With the pictures left out, print exactly the lines below that run from the one containing "A woman smiling" through the one containing "Sarah Mazzetti sul".

- [Data]:
[Start of section]

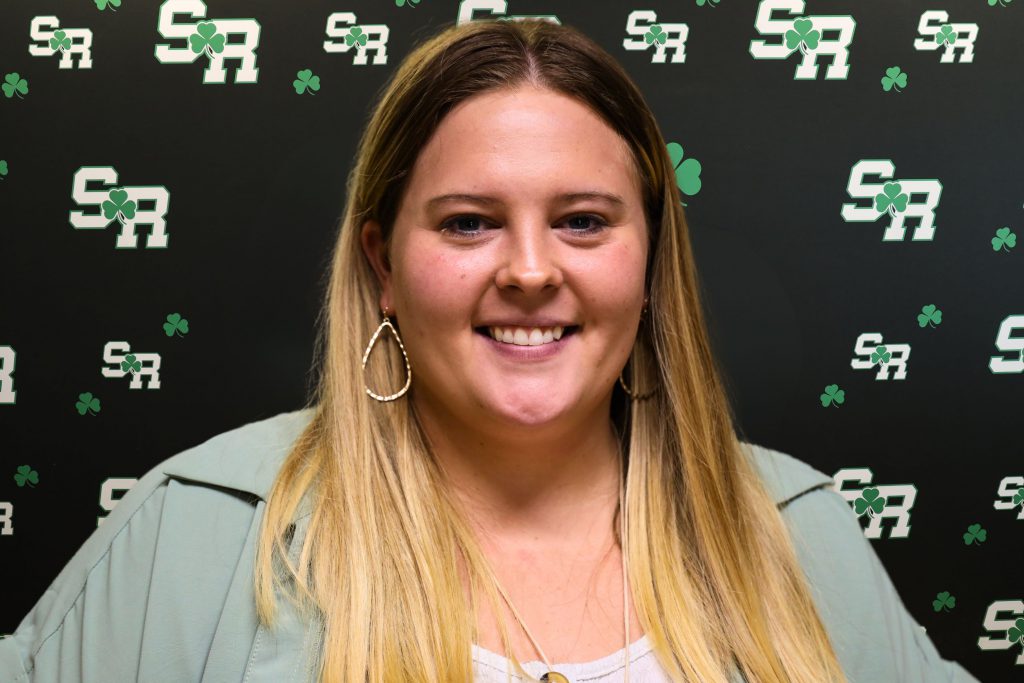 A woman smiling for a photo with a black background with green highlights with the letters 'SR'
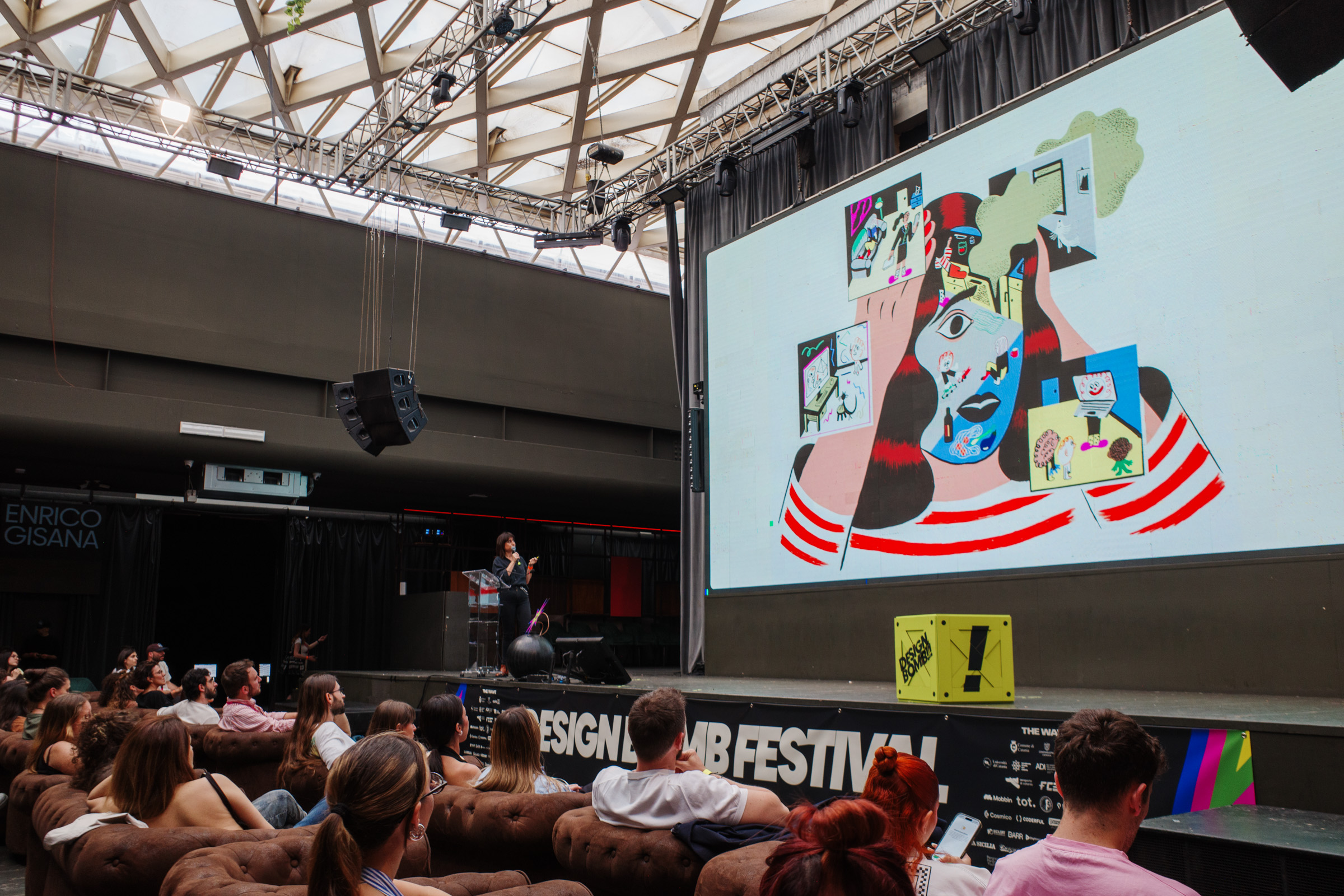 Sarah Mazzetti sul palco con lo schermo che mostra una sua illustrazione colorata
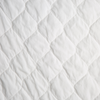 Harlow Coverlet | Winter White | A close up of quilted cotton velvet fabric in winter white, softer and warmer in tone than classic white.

[End of section]
[Start of section]

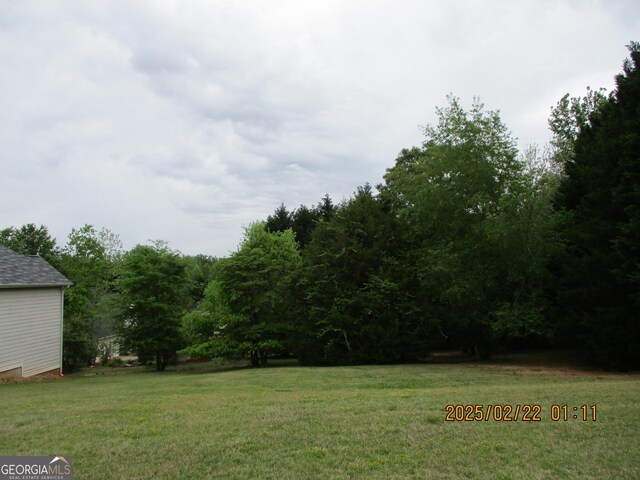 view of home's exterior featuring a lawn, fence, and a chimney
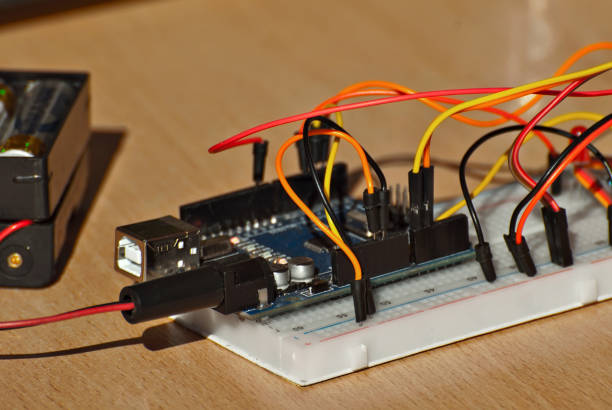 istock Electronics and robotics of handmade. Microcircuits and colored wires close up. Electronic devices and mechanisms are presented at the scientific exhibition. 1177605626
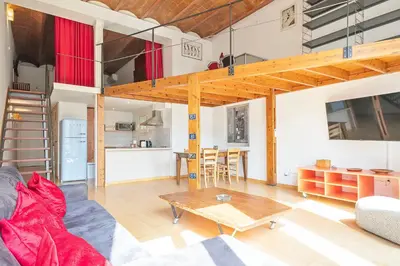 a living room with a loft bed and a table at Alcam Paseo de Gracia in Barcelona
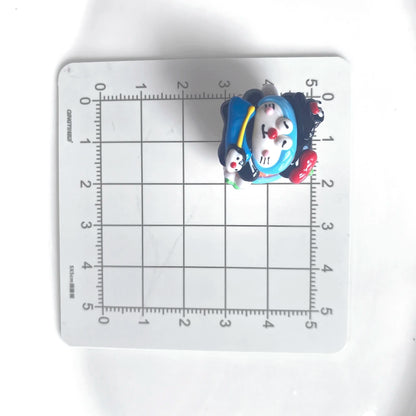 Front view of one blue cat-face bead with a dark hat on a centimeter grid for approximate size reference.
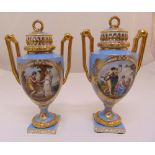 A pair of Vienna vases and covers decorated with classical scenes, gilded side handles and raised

[End of section]

- [Exercise result]:
 A woman smiling for a photo with a black background with green highlights with the letters 'SR'
 Sarah Mazzetti sul palco con lo schermo che mostra una sua illustrazione colorata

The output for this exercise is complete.